(Dataset entries)
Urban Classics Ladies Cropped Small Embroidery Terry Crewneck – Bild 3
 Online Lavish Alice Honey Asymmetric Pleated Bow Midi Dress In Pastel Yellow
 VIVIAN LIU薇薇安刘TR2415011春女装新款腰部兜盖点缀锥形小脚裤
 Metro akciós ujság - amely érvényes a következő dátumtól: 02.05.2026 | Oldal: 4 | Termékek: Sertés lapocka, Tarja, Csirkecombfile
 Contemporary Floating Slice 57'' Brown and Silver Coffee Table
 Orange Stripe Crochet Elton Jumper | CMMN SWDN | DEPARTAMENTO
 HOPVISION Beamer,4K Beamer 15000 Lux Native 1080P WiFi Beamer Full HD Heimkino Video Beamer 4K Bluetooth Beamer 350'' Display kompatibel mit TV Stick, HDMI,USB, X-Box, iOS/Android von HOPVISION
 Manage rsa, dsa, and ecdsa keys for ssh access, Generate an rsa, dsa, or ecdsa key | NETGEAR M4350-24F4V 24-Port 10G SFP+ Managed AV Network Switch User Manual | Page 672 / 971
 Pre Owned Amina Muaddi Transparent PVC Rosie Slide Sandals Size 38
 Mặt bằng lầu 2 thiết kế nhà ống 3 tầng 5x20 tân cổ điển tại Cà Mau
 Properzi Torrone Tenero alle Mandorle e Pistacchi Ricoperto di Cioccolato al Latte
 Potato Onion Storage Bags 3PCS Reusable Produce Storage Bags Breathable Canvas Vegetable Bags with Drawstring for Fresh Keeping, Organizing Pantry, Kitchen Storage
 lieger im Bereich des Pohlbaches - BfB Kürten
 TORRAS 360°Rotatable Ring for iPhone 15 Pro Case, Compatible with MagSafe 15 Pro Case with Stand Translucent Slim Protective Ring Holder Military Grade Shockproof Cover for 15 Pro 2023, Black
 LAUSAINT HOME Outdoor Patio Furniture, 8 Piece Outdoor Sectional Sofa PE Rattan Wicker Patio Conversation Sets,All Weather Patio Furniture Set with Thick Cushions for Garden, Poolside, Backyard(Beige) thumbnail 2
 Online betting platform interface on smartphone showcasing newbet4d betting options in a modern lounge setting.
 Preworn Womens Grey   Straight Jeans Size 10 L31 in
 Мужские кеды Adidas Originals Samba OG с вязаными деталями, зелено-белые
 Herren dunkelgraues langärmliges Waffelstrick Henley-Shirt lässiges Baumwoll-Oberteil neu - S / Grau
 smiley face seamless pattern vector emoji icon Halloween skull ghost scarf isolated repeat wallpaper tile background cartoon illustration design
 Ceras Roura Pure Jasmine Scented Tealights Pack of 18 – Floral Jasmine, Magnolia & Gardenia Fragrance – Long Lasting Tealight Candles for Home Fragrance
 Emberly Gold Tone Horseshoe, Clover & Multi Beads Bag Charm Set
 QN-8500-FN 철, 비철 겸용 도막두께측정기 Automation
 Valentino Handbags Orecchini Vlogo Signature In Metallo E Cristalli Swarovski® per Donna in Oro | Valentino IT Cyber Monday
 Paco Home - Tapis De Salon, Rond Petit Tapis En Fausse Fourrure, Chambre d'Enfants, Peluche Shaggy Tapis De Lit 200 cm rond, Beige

* [DIRECTIONS FOR THIS TASK]: Word for word, restate the lines of the data above that fall between the line holding "Metro akciós ujság" and the line holding "lieger im Bereich", inclusive, and no other lines.

* [RESPONSE FOR THIS EXERCISE]:
 Metro akciós ujság - amely érvényes a következő dátumtól: 02.05.2026 | Oldal: 4 | Termékek: Sertés lapocka, Tarja, Csirkecombfile
 Contemporary Floating Slice 57'' Brown and Silver Coffee Table
 Orange Stripe Crochet Elton Jumper | CMMN SWDN | DEPARTAMENTO
 HOPVISION Beamer,4K Beamer 15000 Lux Native 1080P WiFi Beamer Full HD Heimkino Video Beamer 4K Bluetooth Beamer 350'' Display kompatibel mit TV Stick, HDMI,USB, X-Box, iOS/Android von HOPVISION
 Manage rsa, dsa, and ecdsa keys for ssh access, Generate an rsa, dsa, or ecdsa key | NETGEAR M4350-24F4V 24-Port 10G SFP+ Managed AV Network Switch User Manual | Page 672 / 971
 Pre Owned Amina Muaddi Transparent PVC Rosie Slide Sandals Size 38
 Mặt bằng lầu 2 thiết kế nhà ống 3 tầng 5x20 tân cổ điển tại Cà Mau
 Properzi Torrone Tenero alle Mandorle e Pistacchi Ricoperto di Cioccolato al Latte
 Potato Onion Storage Bags 3PCS Reusable Produce Storage Bags Breathable Canvas Vegetable Bags with Drawstring for Fresh Keeping, Organizing Pantry, Kitchen Storage
 lieger im Bereich des Pohlbaches - BfB Kürten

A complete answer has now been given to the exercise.